[Data for processing Boundary: Start]

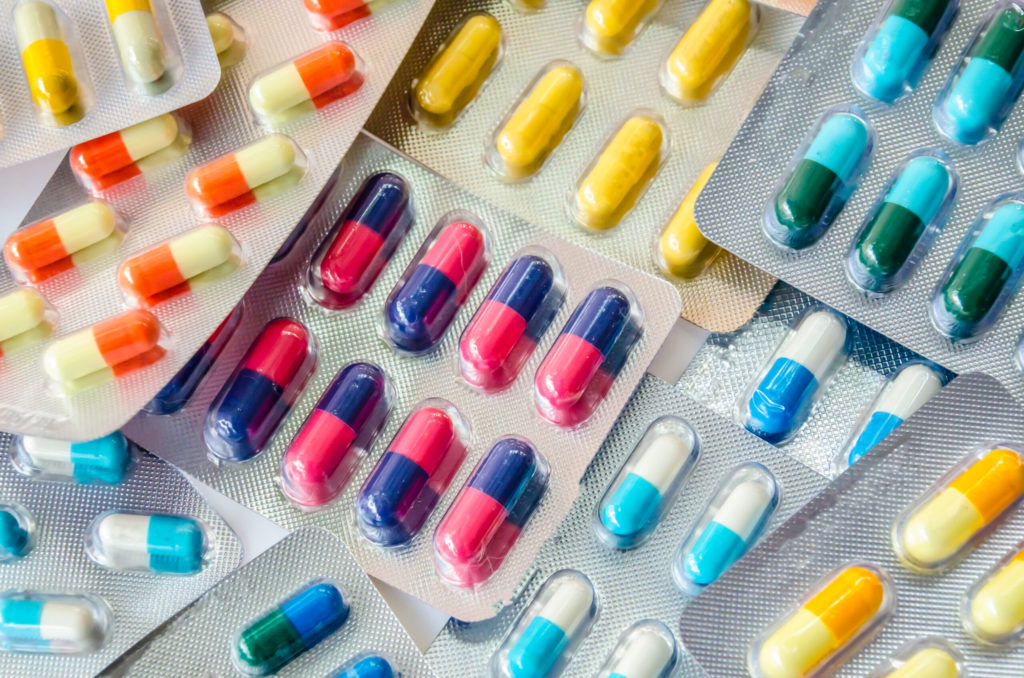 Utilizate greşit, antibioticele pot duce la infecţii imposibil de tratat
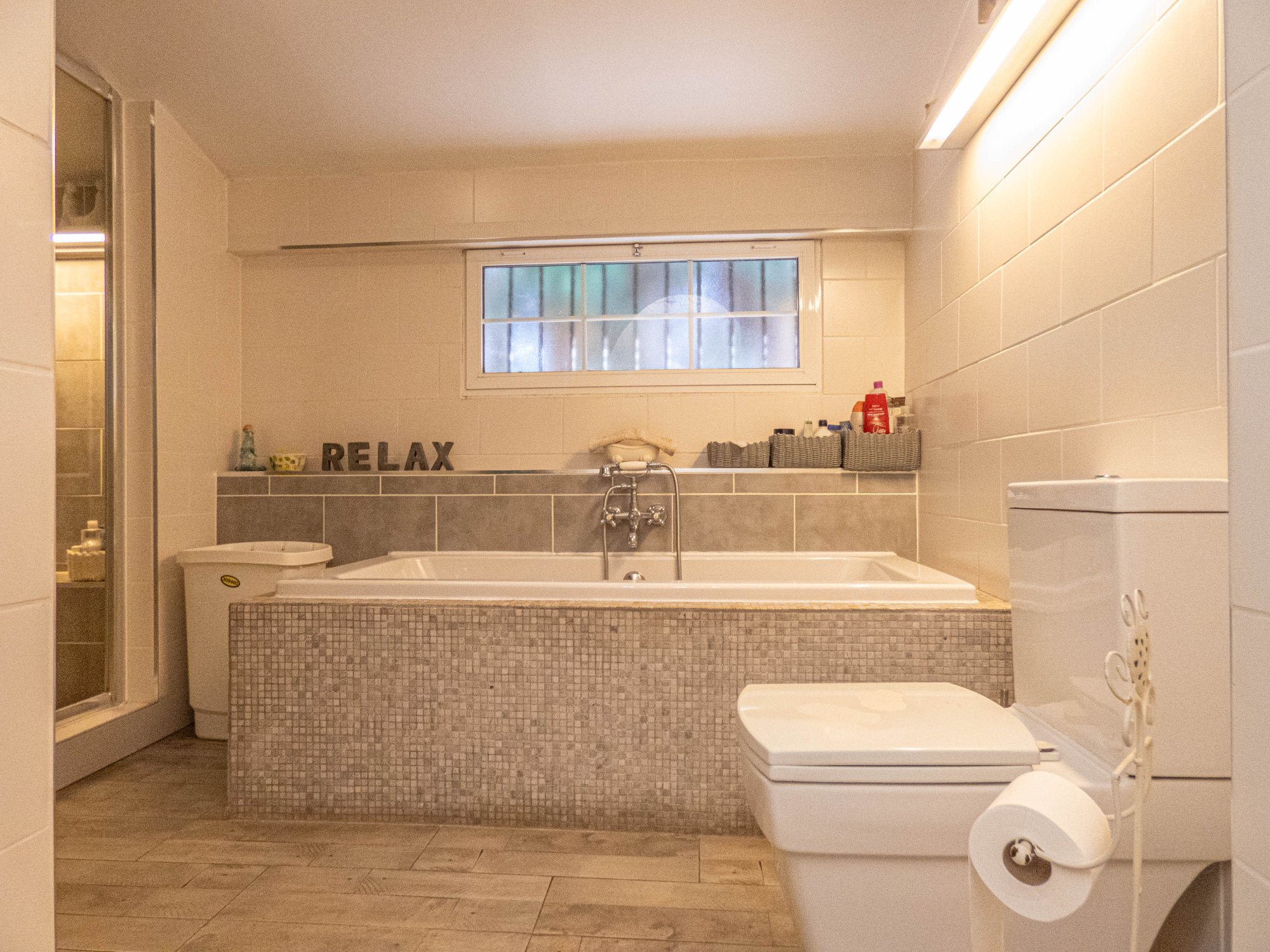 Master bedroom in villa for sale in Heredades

[Data for processing Boundary: End]
[Data for processing Boundary: Start]

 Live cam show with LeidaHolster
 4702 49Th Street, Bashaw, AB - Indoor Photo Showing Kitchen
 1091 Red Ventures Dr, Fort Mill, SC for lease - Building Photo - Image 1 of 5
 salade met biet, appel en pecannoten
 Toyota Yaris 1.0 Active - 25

[Data for processing Boundary: End]
[Data for processing Boundary: Start]

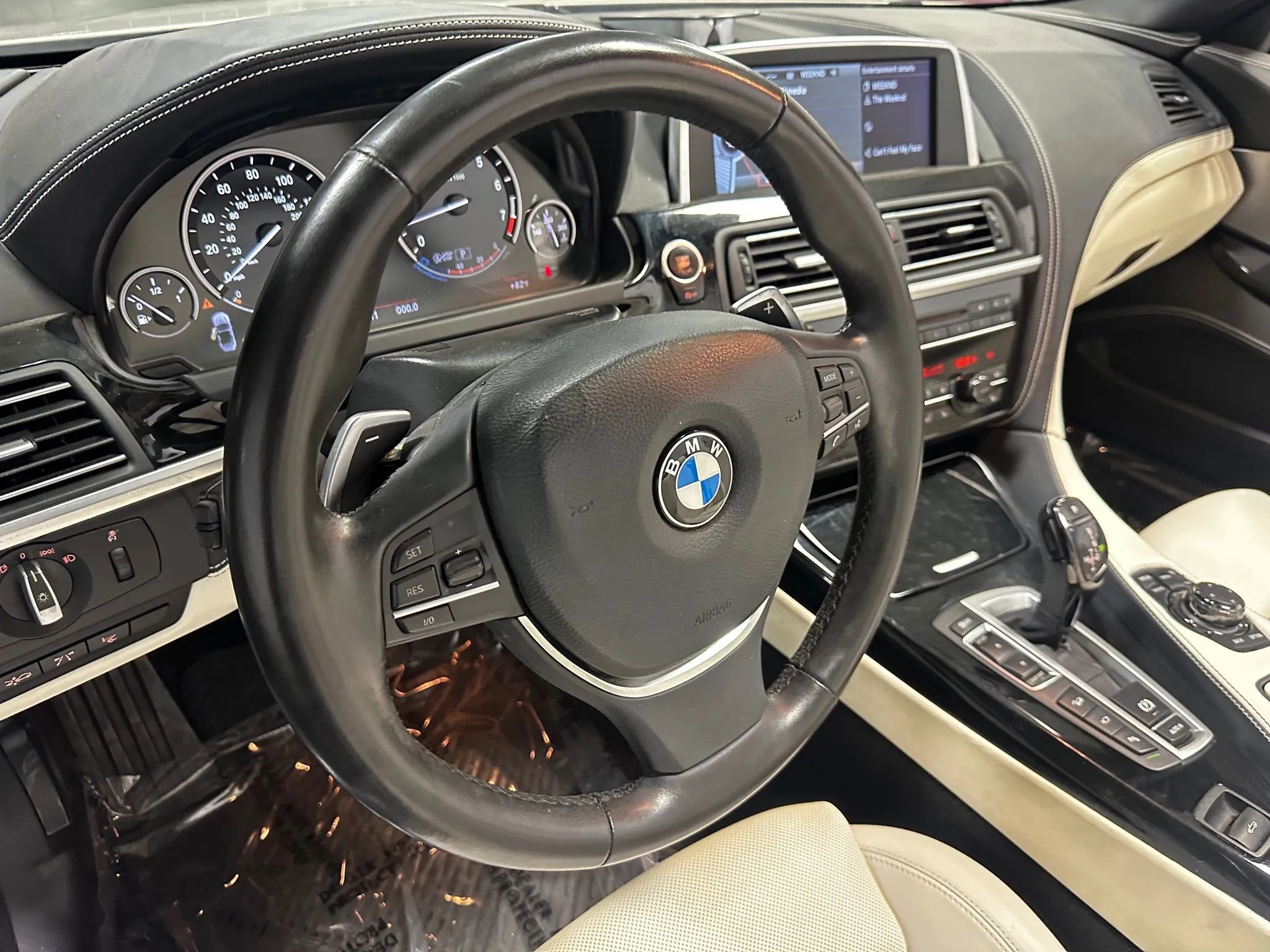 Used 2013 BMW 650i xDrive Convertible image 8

[Data for processing Boundary: End]

Only lines with the word "Photo" count here; copy every one from the records.

### Answer to the problem
 4702 49Th Street, Bashaw, AB - Indoor Photo Showing Kitchen
 1091 Red Ventures Dr, Fort Mill, SC for lease - Building Photo - Image 1 of 5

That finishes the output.